The other issue we may be hitting here is that all the text in the file likely ends up in one big textrun. Every time we append content to the file we have to rebuild the textrun from scratch. That means scanning the frame tree back to the start of the block looking for safe places to start, then starting over and rebuilding the entire textrun. Hence quadratic behaviour for plain text files. This should definitely be fixed. A couple of options spring to mind:
-- stop textruns at preformatted newline boundaries. Kind of painful since we construct textruns before reflow has happened, and at that time, all the preformatted text is in one frame and hasn't been broken into lines yet. So we'd have multiple textruns for the same frame which we don't really support. We could perhaps alter frame construction so that it creates one frame per line from the beginning. Maybe we could get away with just creating a textrun for the first line and then creating the rest on demand. Still dodgy.
-- support efficient appending to a textrun in CharacterDataChanged and when textrun construction discovers extra frames that should be added to an existing textrun. This might be the best way to handle giant text files with collapsing whitespace, but it would be very difficult to avoid the scanning process used by textrun construction having to scan back to the start of the lines and then forwards again.

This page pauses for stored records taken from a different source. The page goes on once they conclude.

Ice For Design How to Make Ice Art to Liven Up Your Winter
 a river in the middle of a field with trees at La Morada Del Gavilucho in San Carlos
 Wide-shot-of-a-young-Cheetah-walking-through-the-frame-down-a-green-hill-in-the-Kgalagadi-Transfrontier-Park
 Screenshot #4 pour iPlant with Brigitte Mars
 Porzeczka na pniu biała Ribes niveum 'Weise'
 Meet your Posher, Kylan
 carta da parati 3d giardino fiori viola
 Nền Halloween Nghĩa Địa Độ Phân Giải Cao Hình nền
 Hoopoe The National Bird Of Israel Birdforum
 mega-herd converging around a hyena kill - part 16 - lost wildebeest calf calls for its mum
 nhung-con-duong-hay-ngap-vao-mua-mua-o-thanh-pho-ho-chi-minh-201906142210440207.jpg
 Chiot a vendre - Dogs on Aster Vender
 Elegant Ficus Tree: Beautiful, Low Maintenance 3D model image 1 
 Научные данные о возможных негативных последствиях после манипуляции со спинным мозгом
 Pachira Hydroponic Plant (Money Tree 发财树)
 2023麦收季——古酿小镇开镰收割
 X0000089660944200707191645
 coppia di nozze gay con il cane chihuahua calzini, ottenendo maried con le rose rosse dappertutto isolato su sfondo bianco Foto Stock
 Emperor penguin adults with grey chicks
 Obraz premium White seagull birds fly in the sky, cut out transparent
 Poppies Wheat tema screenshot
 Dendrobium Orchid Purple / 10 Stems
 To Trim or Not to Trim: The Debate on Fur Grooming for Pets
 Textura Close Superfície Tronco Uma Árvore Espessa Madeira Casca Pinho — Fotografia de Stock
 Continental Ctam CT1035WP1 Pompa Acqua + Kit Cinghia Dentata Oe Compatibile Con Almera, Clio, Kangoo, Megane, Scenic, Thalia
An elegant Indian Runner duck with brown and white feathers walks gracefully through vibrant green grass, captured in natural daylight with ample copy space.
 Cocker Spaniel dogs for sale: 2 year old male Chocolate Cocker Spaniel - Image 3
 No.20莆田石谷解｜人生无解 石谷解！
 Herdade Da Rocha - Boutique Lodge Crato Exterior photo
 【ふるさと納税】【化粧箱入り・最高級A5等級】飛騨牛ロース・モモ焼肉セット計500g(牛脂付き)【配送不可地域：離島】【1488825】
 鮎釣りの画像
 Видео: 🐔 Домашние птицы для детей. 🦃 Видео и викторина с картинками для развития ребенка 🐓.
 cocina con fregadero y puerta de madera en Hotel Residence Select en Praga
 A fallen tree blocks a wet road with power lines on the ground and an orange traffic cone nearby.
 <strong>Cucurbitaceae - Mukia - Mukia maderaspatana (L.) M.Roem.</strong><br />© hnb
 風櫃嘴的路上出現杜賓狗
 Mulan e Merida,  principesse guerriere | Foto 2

Once we get bogged down and very slow, things get even worse because textrun words time out of the cache constantly so our cache locality drops (although there still are cache hits because the textrun contains many occurrences of the same word).

Wayne Mery (:wsmwk)

Comment 10

•

17 years ago

(In reply to comment #2)
> How do you know it's the same problem?  Have you done a profile?  Or have some
> other indication that it's the same issue?

I based it on seeing <mailto: and some other constructs.  But you're quite right, I jumped the gun.


(In reply to comment #7)
> Remember I'm talking about Linux version... I don't know how you can compare
> Mozilla to IE under Linux ;)

The problem is OS=ALL, so in windows a comparison against IE is useful.

roc comment #9:
> (crazy good analysis)
>
> Once we get bogged down and very slow, things get even worse because textrun
> words time out of the cache constantly so our cache locality drops (although
> there still are cache hits because the textrun contains many occurrences of the
> same word).

would cache locality tanking explain why it eventually beats the crap out of windows' performance?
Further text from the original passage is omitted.